Monday, 28 July 2014


For years I suffered under the diagnosis of ME.  I was 15 years old when I was diagnosed, there were no treatments and I was expected to get better.  I didn't get better.

Over the years I suffered flare ups of pain an ill health.  I saw many doctors who were unable to help me.  No-one knew what ME was or how to treat it.  I'd tried low dose antidepressants but they just made my symptoms worse.  I saw psychologist but I had no depression or behavioural problems that would explain my symptoms.  There was nothing I could do but I didn't give up

After years of research I discovered my symptoms fitted Joint Hypermobility Syndrome, Ehlers Danlos Syndrome and POTS and after more years ofbatting with doctors who were reulctant to consider anything other than my ME diagnosis I finally got diagnosed with JHS, EDS and POTS.

Finally I had the right diagnosis I had hope that there would be treatments to help me.  I was wrong. Suddenly I had become untouchable.  My conditions were so rare that I knew more about them than the doctors I was consulting, they were not aware of some of the most basic symptoms and complications so they backed away like I had something horribly contagious.

I saw a local physio who barely even examined me.  She told me to stretch and do basic fitness exercises.  She encouraged me to do Tai Chi, which wasn't the best advice to give someone with POTS considering I can't stand unaided, I collapse when I do stand and raising my arms above my head makes the symptoms ten times worse!  I was discharged because there was nothing they could do for me.  Nada.  Zilch.

I was told to try Pilates and paid for private lessons but they caused me more pain and I was able to do less as a result of the increase in symptoms.  One worrying symptom was the severe pain in my head and neck that is brought on by any kind of movement or stress.

I saw a neurologist to rule out Chiari malformation as it may have explained some of my symptoms and it is more common in people with EDS. The doctor was doubtful that I had it and explained even if I had they wouldn't do anything about it as the surgery to treat it could make me worse.  I was given a laying down MRI to rule it out (even though an upright MRI is required to fully discount it) and was told everything was normal.  I was discharged, no closer to finding out what was causing my pain.  I did learn that I have myotonia in my hands.  If I grip something very hard for more than a few seconds I can't relax my fingers.  The neurologist said it was a rare complication of EDS but gave no other information or advice on how to treat it.
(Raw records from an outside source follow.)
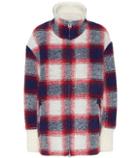 Isabel Marant, Toile Gimo Checked Wool-blend Jacket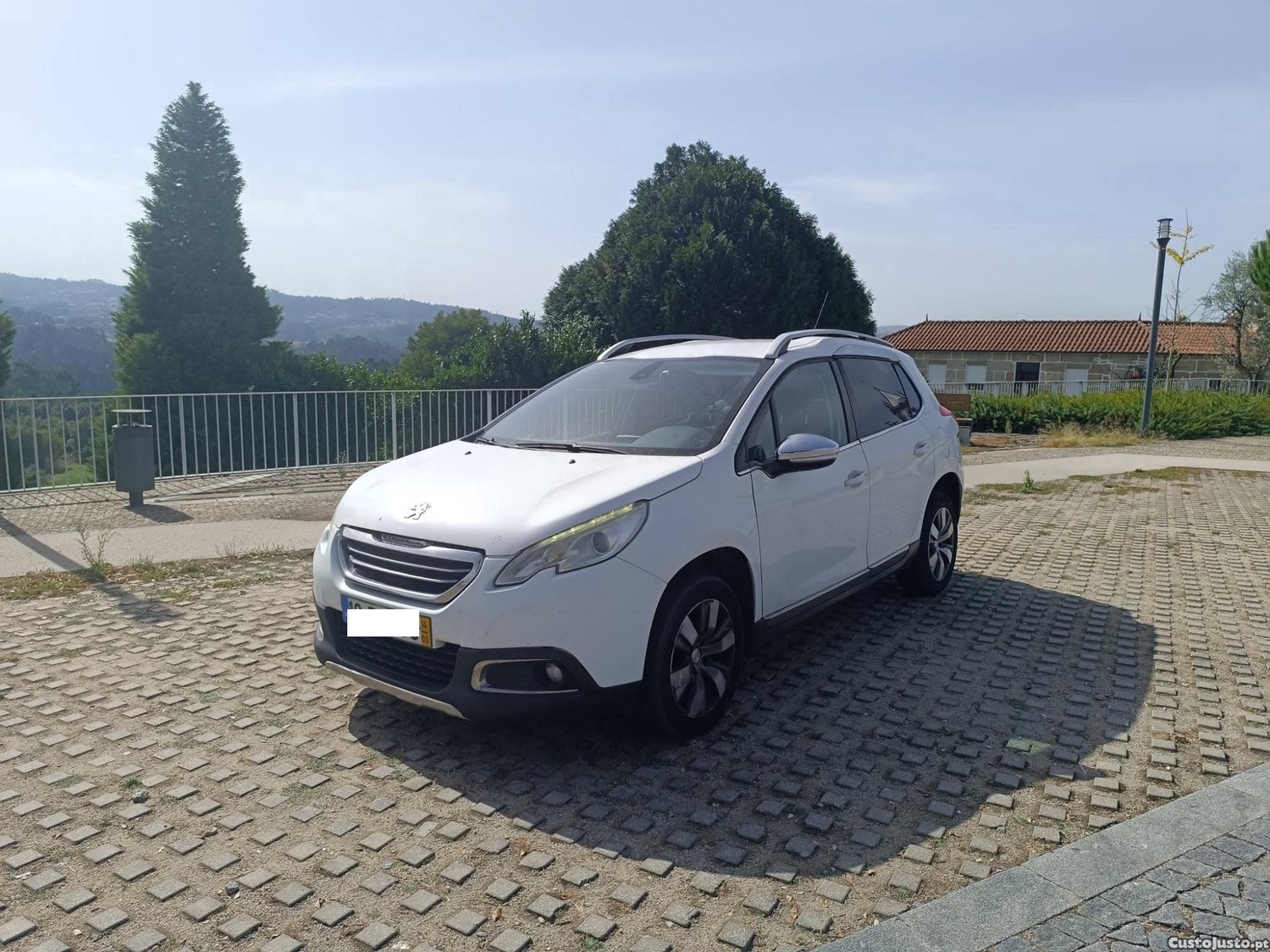 Peugeot 2008 1.6 HDI    Revisão completa - 14 foto 3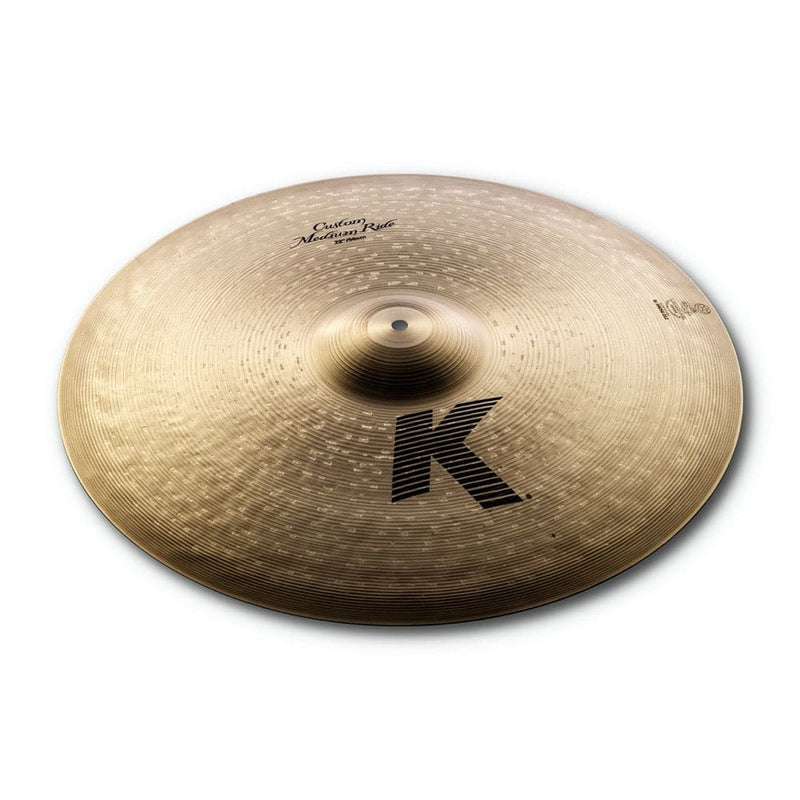 Zildjian K Custom Medium Ride Cymbal 22"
I've had the pain in my head and neck for 14 months now.  It affects me every single day and the only thing that helps is diazepam, which is not an ideal long term solution to the problem.  The pain gets worse when I move my head, raise my arms to lift a plate from the cupboard, turn to look over my shoulder when crossing the road, even sleeping can trigger it.  I went back to my GP and she wondered if it could be occipital neuralgia. She sent me to a pain clinic with a view to having injections to ease the pain.

I waited a month for the clinic appointment but unfortunately it was another disappointment.  I was discharged in less than 30 minutes.  Apparently my pain is not consistent with neuralgia and the treatments are not suitable for me.  I was offered injections of steroids and a local anaesthetic - my old friend lidocaine.  I had to explain to the doctor that lidocaine doesn't work in EDS patients.  The doctor had never heard about it before so I showed him my Stickman Communications card  He said he wouldn't inject me, especially considering the reaction I had to lidocaine when the ignorant ENT sprayed it up my nose.

The other option was acupunture.  I've had it before and it can be quite relaxing so I said yes and asked if he had any gold needles.  I have a nickel allergy and the last time I had acupuncture I broke out in itchy red dots where the needles had been.  He said no, he only had the stainless steel needles which contained nickel.  There was nothing else he could do for me so I was discharged.  The doctor was apologetic but seemed pleased to see the back of me.  I have become too difficult.  Untouchable.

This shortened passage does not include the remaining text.